Here Lies Kelani

Mother’s Day Weekend (May11)

Personal Reflection

I wasn’t going to write this.

Sharing this part of my life with the world is anything but easy.
I’m a private person. Most of the people closest to me didn’t even know what I was carrying—emotionally or physically. Truthfully, I could have gone the rest of my life without ever saying these words out loud.

The blog was never meant to be public. It was supposed to be a book, written under a pen name, with no direct connection to me. A quiet release of the pain that was swallowing me whole. A private way to process what happened, for me—and only me.

But a voice kept whispering, louder than my fear:
“This is not just for you.”

This is for the women who are drowning in grief. For the ones trying to find their way back to the light. For the ones standing at the edge of their rope, wondering how they’ll survive one more day.

So this Mother’s Day, we honor the mothers who are often forgotten—
those who have experienced miscarriage, stillbirth, or infant loss.

Whether you only imagined meeting your baby or held them as they took their last breath, your motherhood is real. You are seen. You are remembered. You are not alone.


The Story Continues Here….

Here lies Kelani Deionne-Rochelle Robinson.

My daughter.
My heartbeat.
My second chance that never got to take her first breath on her own.

As the world prepared to celebrate Mother’s Day…
I was preparing to attend my daughter’s funeral.


While everyone else was planning brunches, surprise gifts, and matching outfits for photos,
I was preparing to see my 1 pound, 3 ounce baby girl in a casket the size of a shoebox.

Let that sink in.

A casket…
the size of a shoebox.

That’s what we were given to honor the life I carried for 26 weeks.
That’s what we were given to say goodbye.

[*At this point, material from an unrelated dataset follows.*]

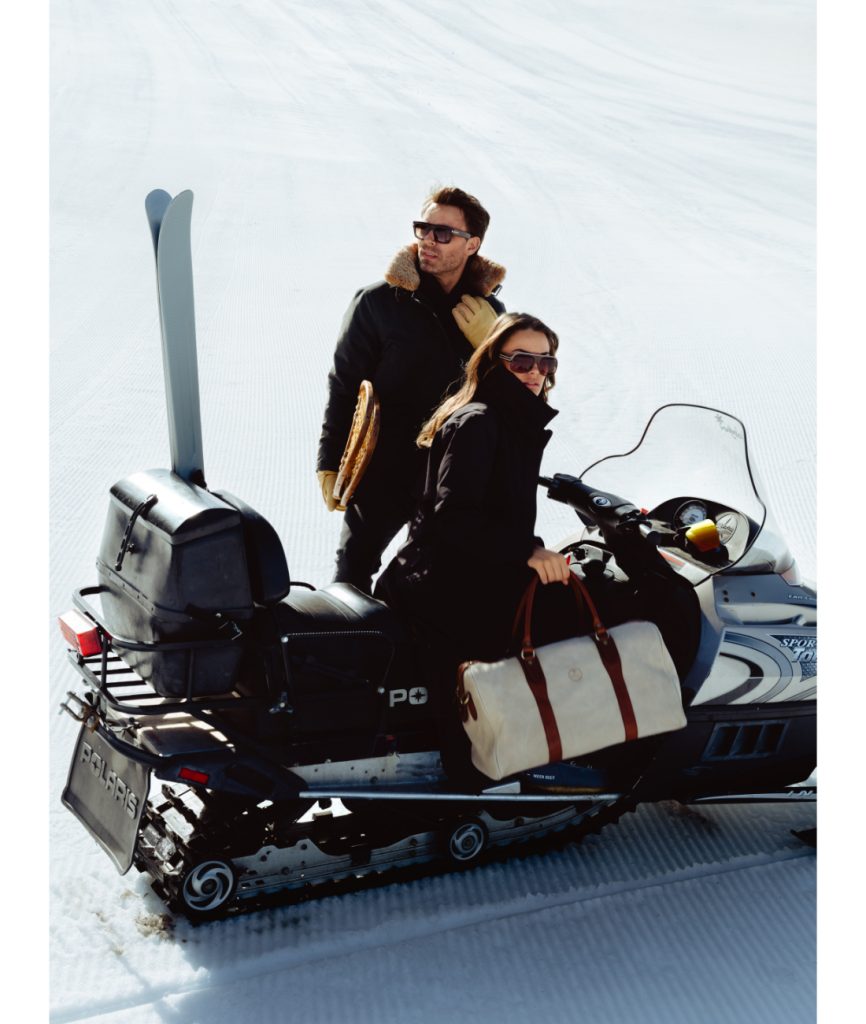 60238 BREVO LIVIGNO JKT M 4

The funeral home brought her two hours late.

Two hours.

Two hours of waiting.
Two hours of praying she would show up so I didn’t collapse before she even arrived.
Two hours of pacing the floors, hands clenched, heart already shredded.

Two hours that reminded me again: nothing about this would be fair.
Not even her farewell.


And when she finally arrived…
when they carried that tiny casket into the sanctuary—
carefully, quietly, like she weighed more than the world—
everything else disappeared.

I saw her box.
And I broke all over again.

I was in a room full of people.
People who showed up.
People who cried with me.
People who wanted to make it better.

And yet, I have never felt more alone in my life.

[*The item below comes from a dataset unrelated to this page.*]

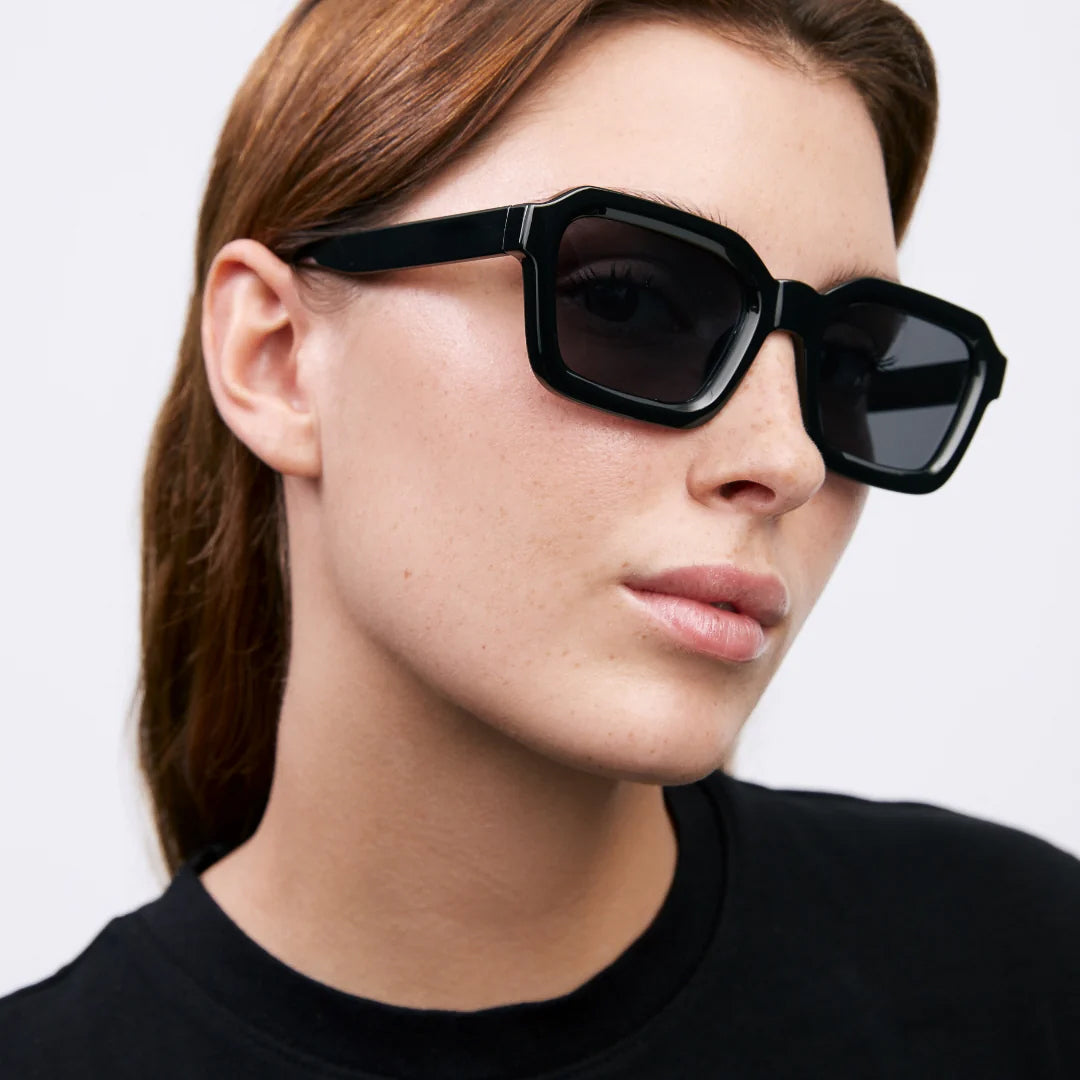 SHADES "ORIGINAL BLACK"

Because no one else was her mother.
No one else had heard her heart beat from the inside.
No one else had whispered promises to her through hospital walls.
No one else had held her as she died.

Grief can be loud.
But it’s also the quietest, loneliest place I’ve ever known.


And then… there was the church.

Being inside a sanctuary felt like salt in a wound.
Not because I didn’t believe in God—
but because I did, and I couldn’t make sense of how He let this happen.

Every verse, every worship lyric, every whispered “He’s still good”…
it all felt like betrayal.

I didn’t want promises.
I didn’t want comfort.
I wanted her.

And I couldn’t have her.


Here lies Kelani.
And here I am.
Still standing.
Still shattered.

I type these words with tears in my eyes and a hole still burning in my chest—a full year later.

They say time heals.
But what it really does… is teach you how to carry the grief without drowning in it.

And even now—aching, angry, still undone—
I know this:
This is my motherhood story, too.

And I will not let it be buried with her.